Nick Hornby – Funny girl

Sophie cominciava a capire che non ci si poteva far niente: attori e attrici sarebbero sempre finiti a letto insieme. Lo avevano sempre fatto e probabilmente avrebbero continuato a farlo per sempre. Gli attori, in generale, erano più attraenti delle persone normali. Era uno dei doni che avevano ricevuto – forse l’unico che contasse. In molti casi l’unico in assoluto. E queste persone attraenti stavano insieme gran parte del tempo, mentre altre persone, meno attraenti, le vestivano, le truccavano, le illuminavano di una luce che accentuava la loro bellezza, le ricoprivano di complimenti. Spesso, poi, queste persone attraenti venivano raccolte in location di grande fascino, molto lontano da casa. E spesso venivano assegnate loro delle camere comunicanti in begli hotel e la vita che facevano, in tutti i suoi aspetti, le incoraggiava a bussare alla porta a notte fonda. Clive e Sophie erano l’uno per l’altra un agente irritante, un prurito costante che bisognava grattare. Andavano a letto insieme, poi si ripromettevano di non farlo mai più, poi lo rifacevano; e tutte le volte che succedeva piaceva molto a tutti e due. Sophie non ci vedeva alcun male, ma di solito in una storia come quella non c’era molto futuro; Clive non era uno capace di vedere oltre la colazione della mattina dopo. «La sorpresa» consentì loro di conferire un alone romantico a un surrogato di futuro. «Non mi dispiace fare un figlio con te» ammise poi Sophie. «Nel programma, dico. Mi dispiace di aver detto quel che ho detto, l’altra volta.»

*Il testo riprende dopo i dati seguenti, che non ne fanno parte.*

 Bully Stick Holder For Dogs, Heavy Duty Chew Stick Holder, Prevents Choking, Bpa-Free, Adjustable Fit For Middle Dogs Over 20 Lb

«Ti capisco. Lo stesso vale per me. E anche a me dispiace.»
«Credo che saremo degli ottimi genitori televisivi.»
«Magari per me sarà un buon allenamento. Un po’ come sentire l’acqua con l’alluce, diciamo.»
«Immagino di sì.»
Non certo per disincentivare quel suo senso di responsabilità, che le piaceva, Sophie si sentì in dovere di tenere ancorata a terra la conversazione.

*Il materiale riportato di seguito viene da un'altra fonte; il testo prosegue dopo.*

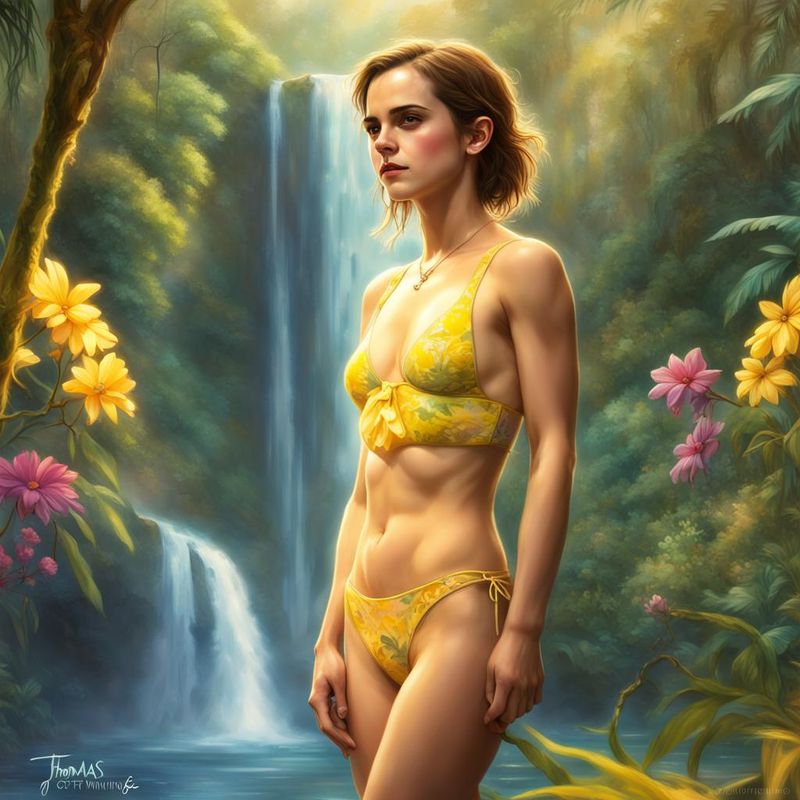 Emma Watson in Yellow Bikini 2.jpg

«Lo sai, vero, che il più delle volte sarà una bambola di plastica?»
«Certo, ma è simbolico.»
«Sì?»
«Ma certo. Dovrò diventare un’altra persona. Come non sono stato mai. Qualcuno potrebbe dire: Sì, ma tu fai l’attore, è il tuo lavoro. Ma non si tratta solo di questo. Jim deve cambiare e io devo cambiare con lui.»

DUE PAROLE

Sophie Straw, una giovane e bellissima attrice proveniente dal nord Inghilterra volta alla comicità, si avvia sul proprio cammino costellato da successi, fama ed esperienze di vita. Dalla remota provincia alla grande Londra, il percorso di Sophie nella notorietà procede inarrestabile. Siamo nell’Inghilterra degli anni 60 che, seppur avanti decenni rispetto al resto d’Europa, concede ancora molti difetti in termine di emancipazione femminile. Il romanzo, ma ancora più la parabola della protagonista, è fotografia centratissima di quel processo e di quella voglia di indipendenza – quella irremovibile presa di coscienza – che la figura femminile ha compiuto negli ultimi cinquant’anni a questa parte. In un doppio gioco dove la vita reale si mischia alla commedia e alla recitazione, la bella Sophie si troverà a inscenare spesso quello che l’esperienza, in termini di relazioni amorose e ambiente famigliare, consegnerà di anno in anno alla sua stessa vita. Una specie di romanzo formativo che viaggia su binario speculare. Due lunghe rette parallele che lambiscono la libertà che in mezzo scorre. Le scelte arbitrarie, ovvero le derive e le sterzate che gli spiriti liberi debbono concedersi, saranno proprio il sangue vivo di quest’arteria che sgorga fra i meandri di tutte le imposizioni canoniche cui la vita ci pone di fronte.